**What you are asked to do**
Reproduce the listing in full. Omit the pictures.

**Data shown**
========================================================================

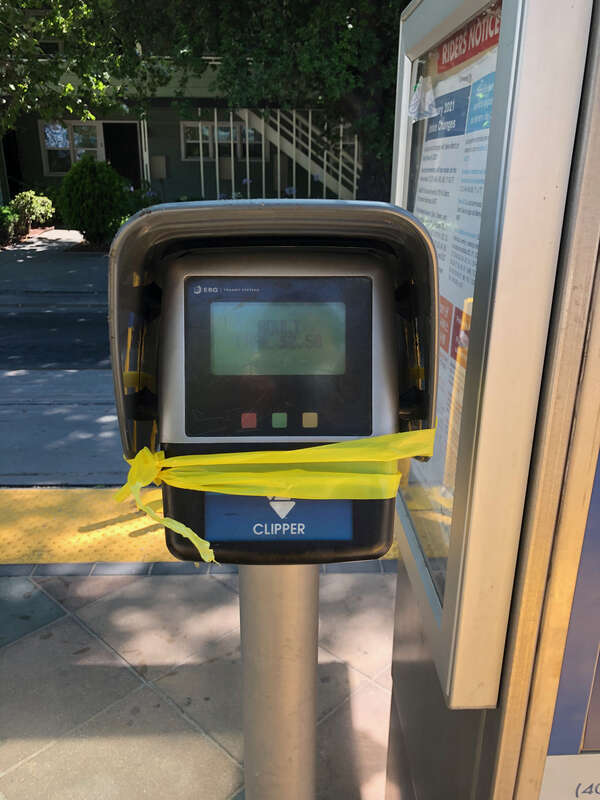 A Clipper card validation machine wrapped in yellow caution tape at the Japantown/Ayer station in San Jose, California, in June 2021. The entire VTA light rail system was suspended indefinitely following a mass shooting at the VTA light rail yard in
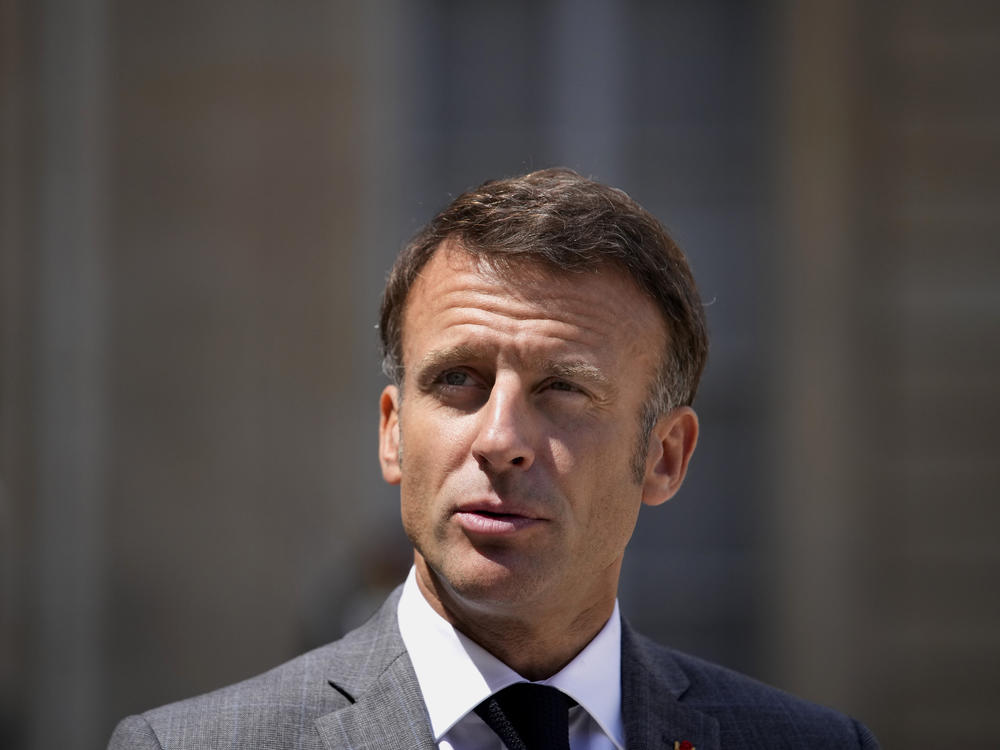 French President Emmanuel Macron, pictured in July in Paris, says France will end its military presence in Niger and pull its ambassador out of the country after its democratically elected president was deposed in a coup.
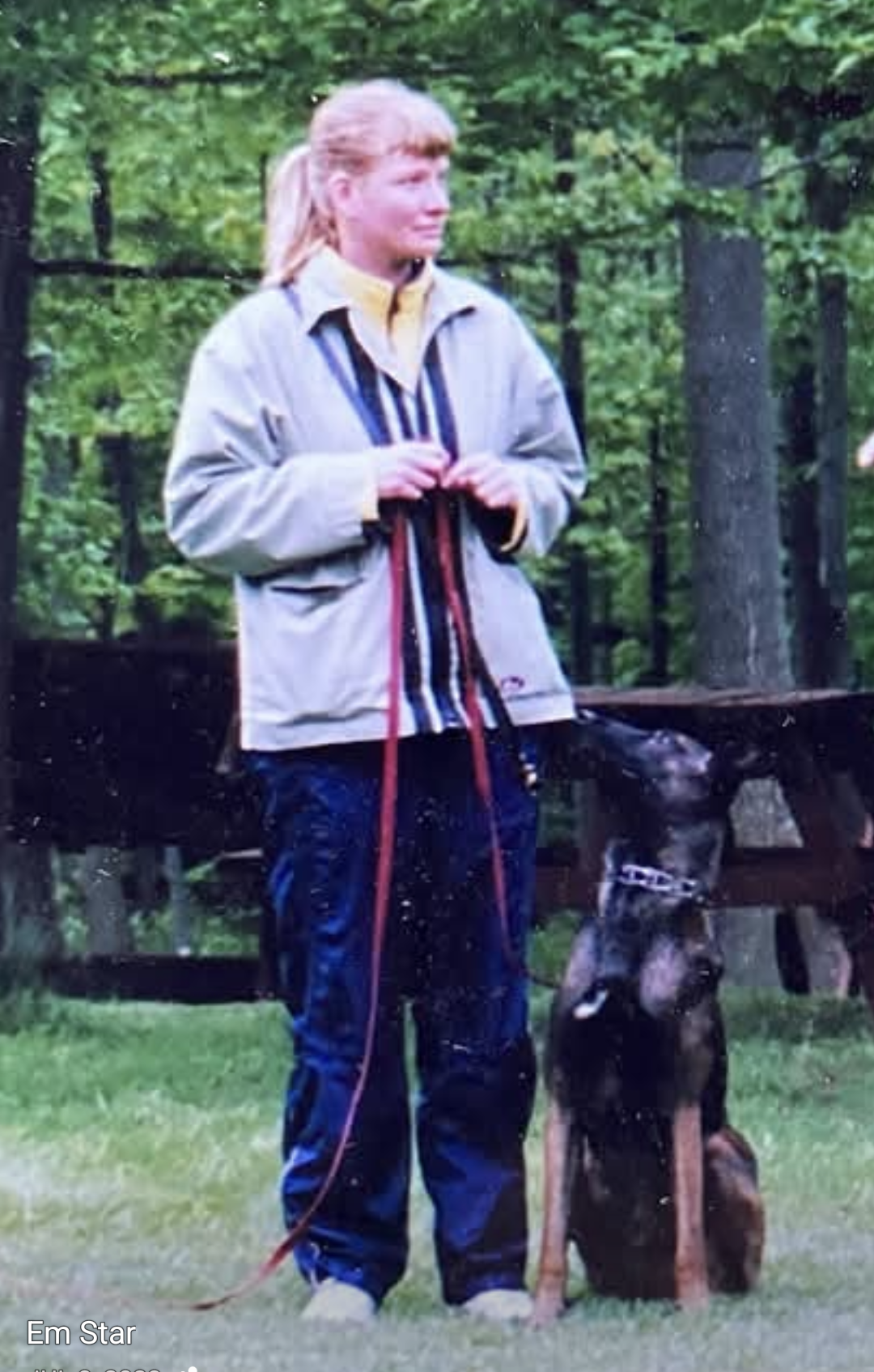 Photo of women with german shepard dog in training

========================================================================

**Reply to the exercise**
 A Clipper card validation machine wrapped in yellow caution tape at the Japantown/Ayer station in San Jose, California, in June 2021. The entire VTA light rail system was suspended indefinitely following a mass shooting at the VTA light rail yard in
 French President Emmanuel Macron, pictured in July in Paris, says France will end its military presence in Niger and pull its ambassador out of the country after its democratically elected president was deposed in a coup.
 Photo of women with german shepard dog in training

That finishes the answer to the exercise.